Data listing →
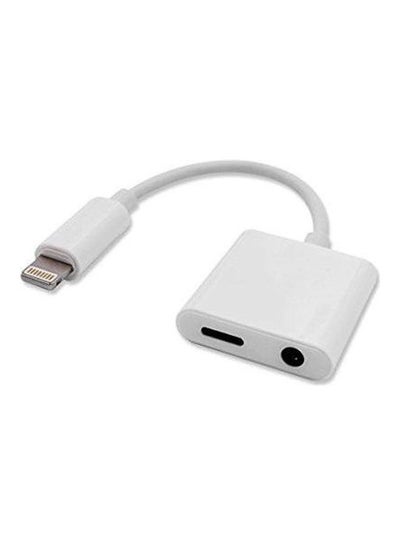Buy Iphone 7 Headphone Adapter, Iphone 7 Plus Audio Adapter, Charge Adapter, Earphone Adapter 2 In 1 Lightning 3.5Mm Headphone Adapter Cable White in Egypt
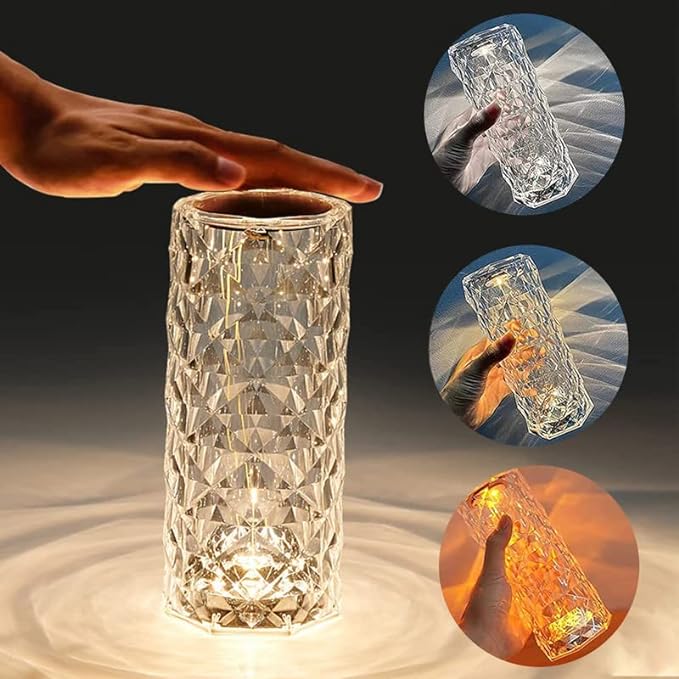 Rechargeable Diamond Crystal Bedside Lamp 16 Colors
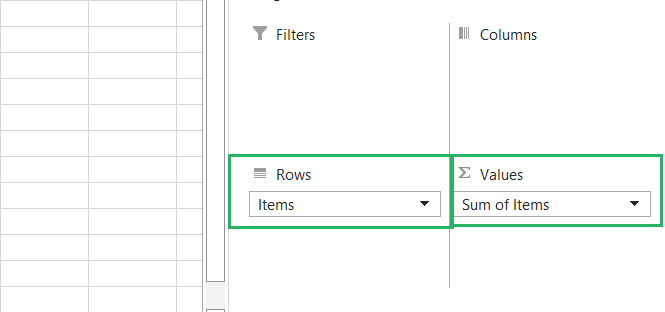 17 PivotTable fields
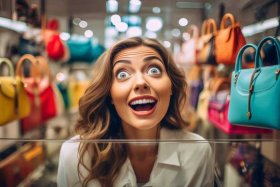 女人买包包的视频 女人买包包的视频素材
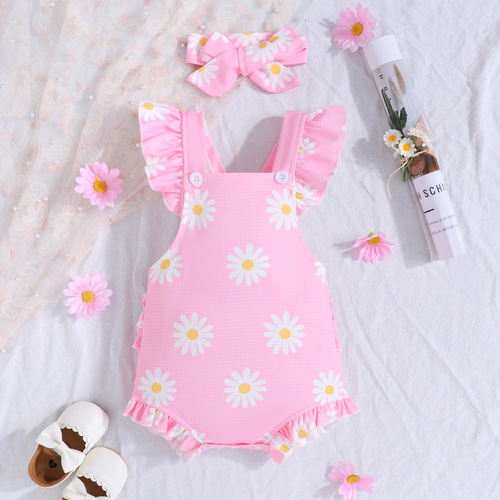 2024新款童装宝宝夏季短袖休闲哈衣爬服女童带头饰婴儿连体包庇衣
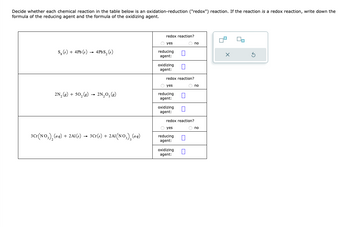 Decide whether each chemical reaction in the table below is an oxidation-reduction ("redox") reaction. If the reaction is a redox reaction, write down the
formula of the reducing agent and the formula of the oxidizing agent.
S (s) + 4Pb (s) 4PbS₂ (s)
2N₂(g) + 50₂(g) → 2N₂O5 (g)
3Cr(NO3)₂(aq) + 2Al(s) → 3Cr(s) + 2A1(NO3)2(aq)
redox reaction?
yes
reducing
agent:
oxidizing 0
agent:
redox reaction?
O yes
reducing
agent:
oxidizing
agent:
O yes
1
redox reaction?
||
oxidizing
agent:
reducing 1
agent:
no
no
no
X
On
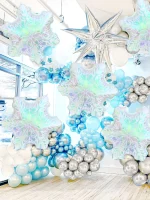1/3/6pcs transparent snowflake aluminum foil balloons, ice and snow theme party, birthday, Christmas, winter party, New Year - Imagine 3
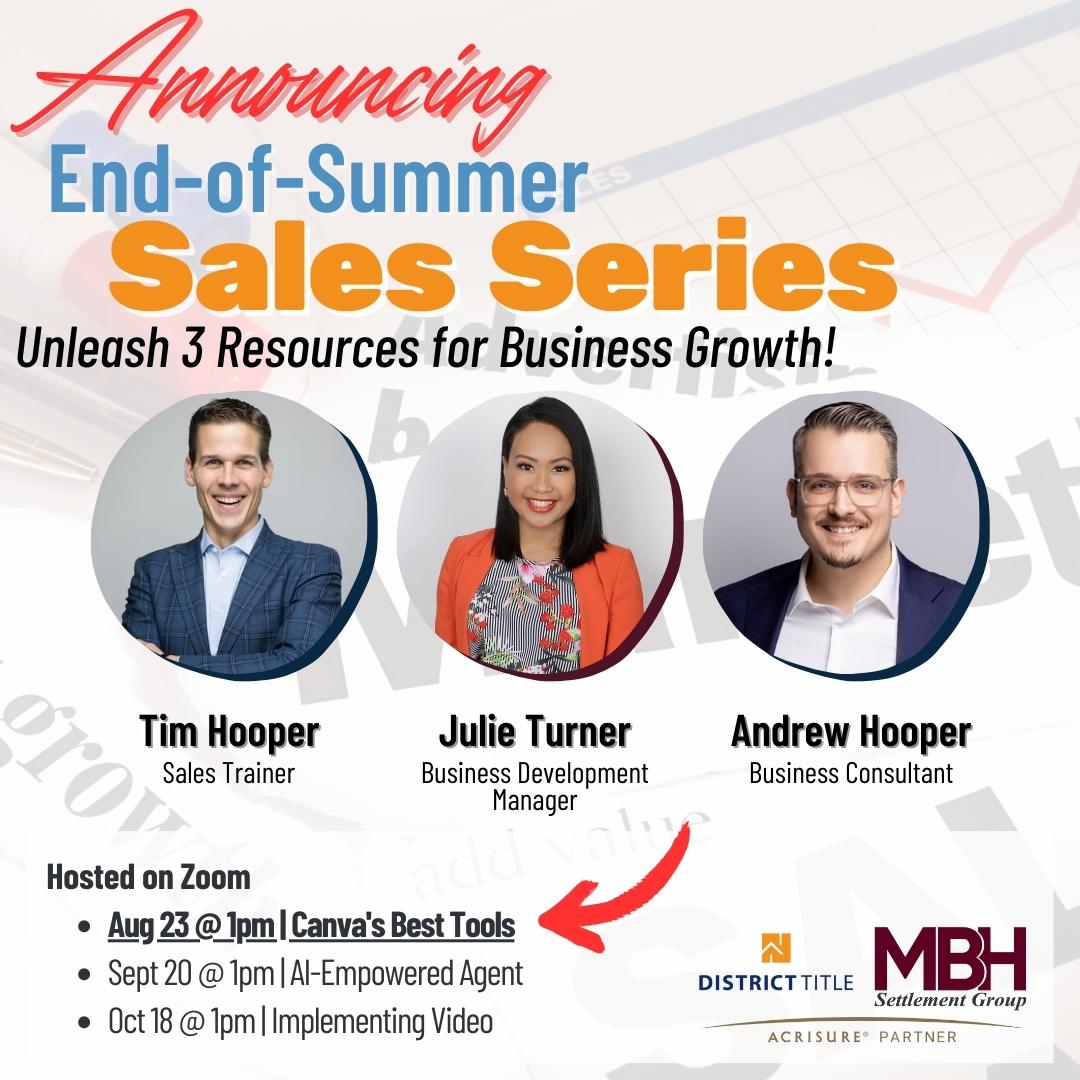 MBHSettlement's tweet photo. Join us LIVE tomorrow @ 1pm 💻
💥End-of-Summer Sales Series diving into Canva's BEST Tools &amp; Receive Customizable Templates‼

Click the link in our Bio to REGISTER 👆

#MBHSettlementGroup #MBHUniversity #DistrictTitle #RealtorEducation #SalesSeries #Canva https://t.co/1DA5TE35pH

What the task requires → For each line of the material that includes the word "Canva", make a copy.

Reply to the exercise →
💥End-of-Summer Sales Series diving into Canva's BEST Tools &amp; Receive Customizable Templates‼
#MBHSettlementGroup #MBHUniversity #DistrictTitle #RealtorEducation #SalesSeries #Canva https://t.co/1DA5TE35pH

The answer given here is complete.